## Task item
The pictures stay out. Please retype every line below exactly.

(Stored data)
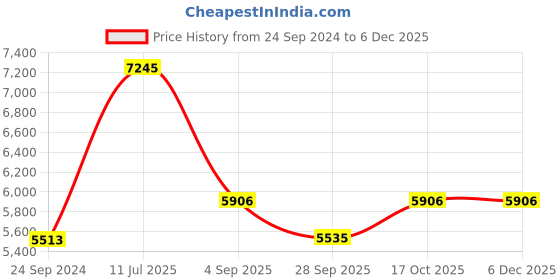 tatacliq.com Police VPL251K50958FR Brown Full Rim Round Frame police Price History Graph from 24 Sep 2024 to 4 Dec 2025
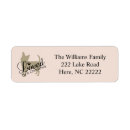 Search for chihuahua dog return address labels Chihuahuas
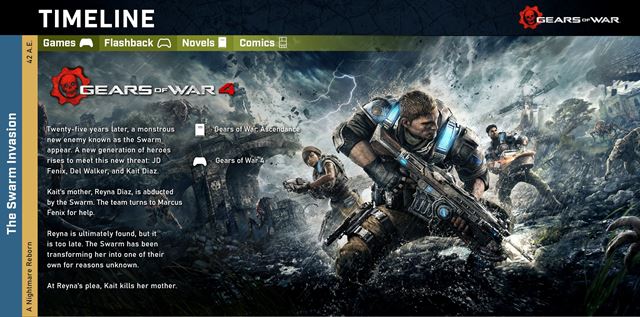 Ako sa vyvíjal príbeh Gears of War univerza?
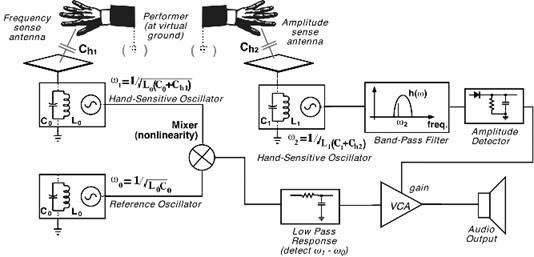 Figure 2 operation principles of Theremin (http://asmir.info/theremin_classic.htm)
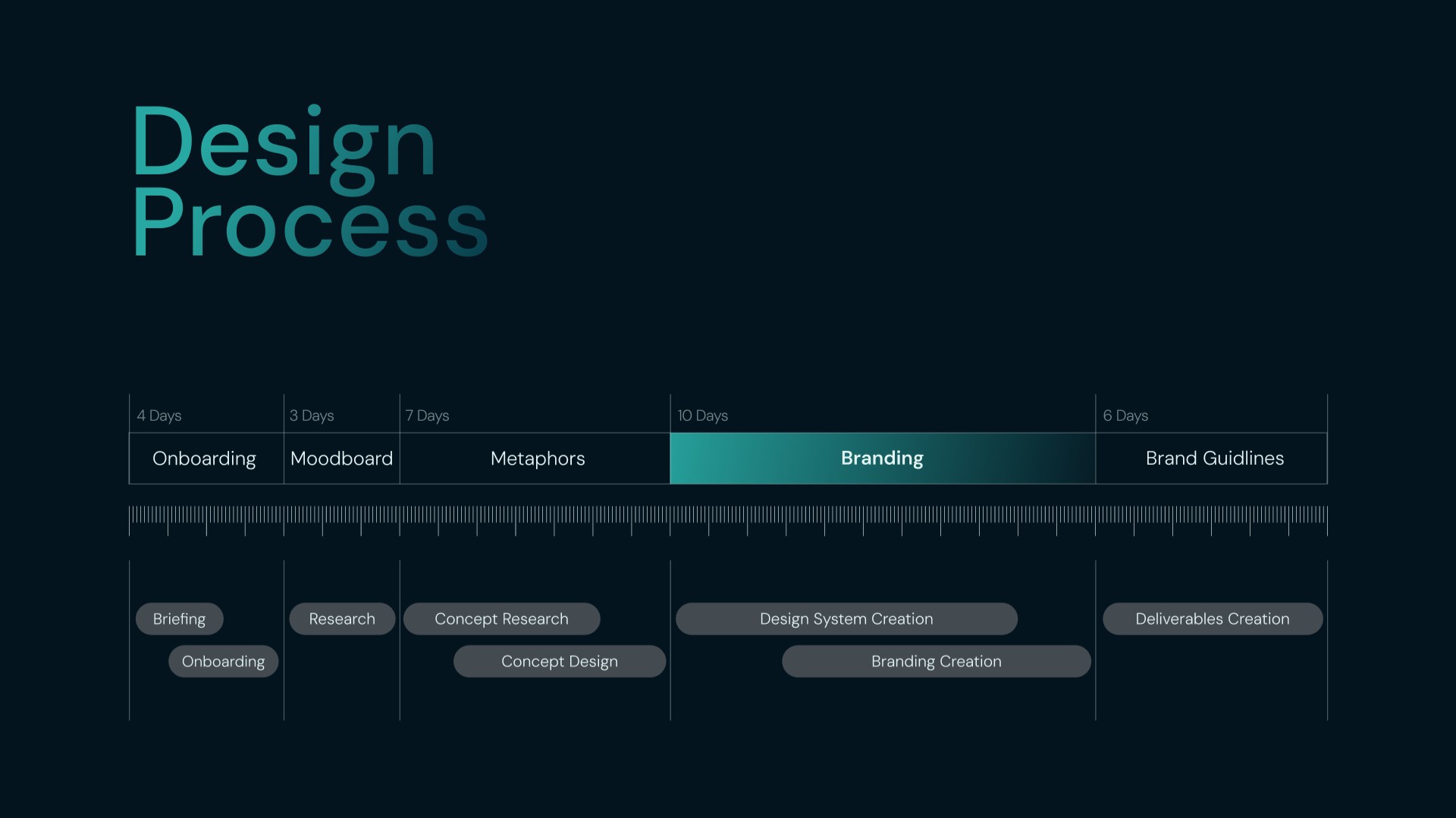 Design Process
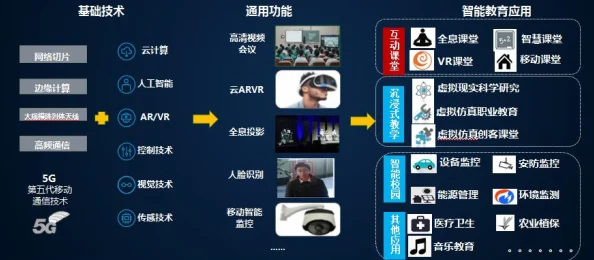 免费视频一区为什么拥有海量影视资源为何成为观影神器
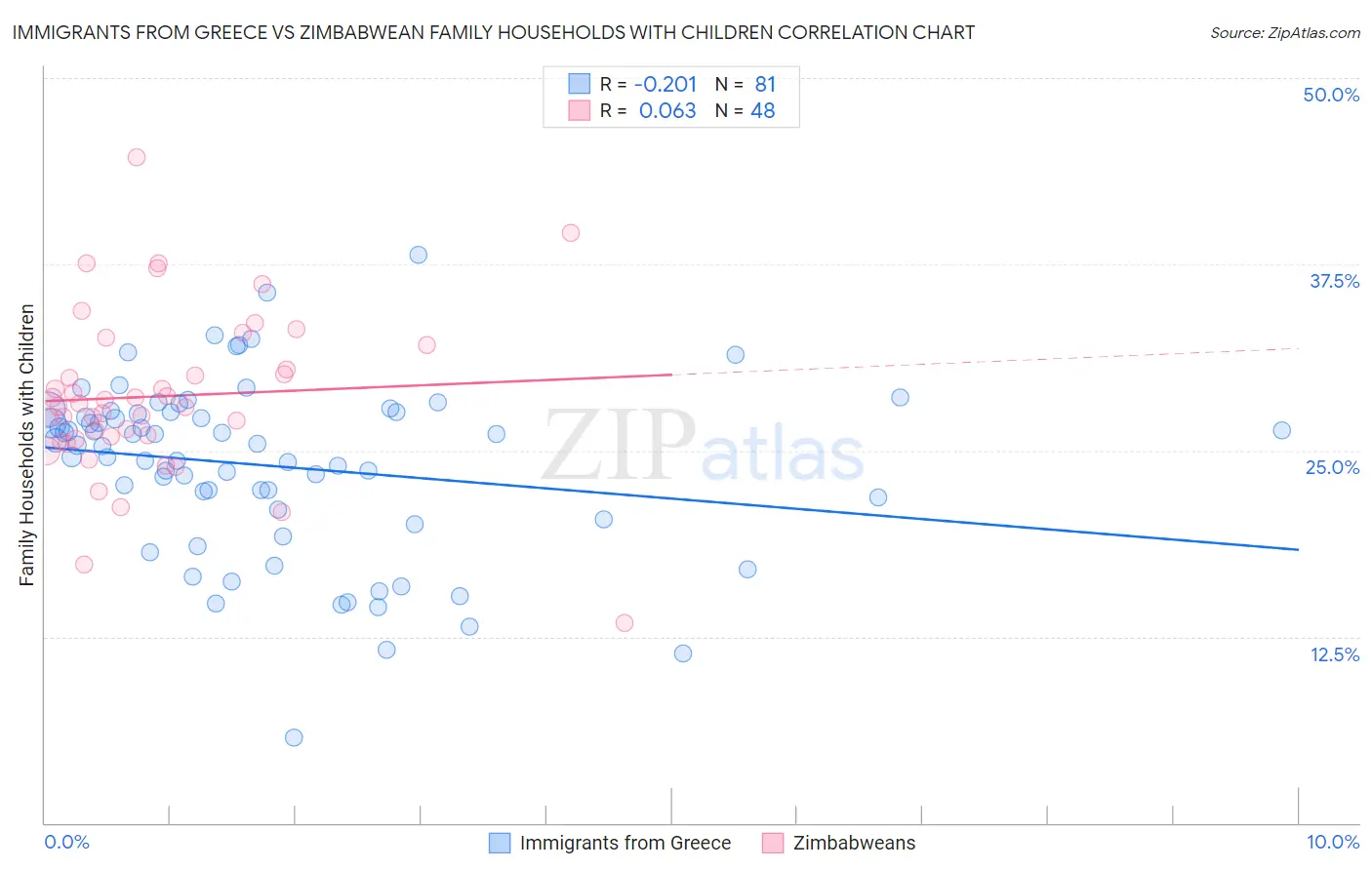Immigrants from Greece vs Zimbabwean Family Households with Children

## Response
 tatacliq.com Police VPL251K50958FR Brown Full Rim Round Frame police Price History Graph from 24 Sep 2024 to 4 Dec 2025
 Search for chihuahua dog return address labels Chihuahuas
 Ako sa vyvíjal príbeh Gears of War univerza?
 Figure 2 operation principles of Theremin (http://asmir.info/theremin_classic.htm)
 Design Process
 免费视频一区为什么拥有海量影视资源为何成为观影神器
Immigrants from Greece vs Zimbabwean Family Households with Children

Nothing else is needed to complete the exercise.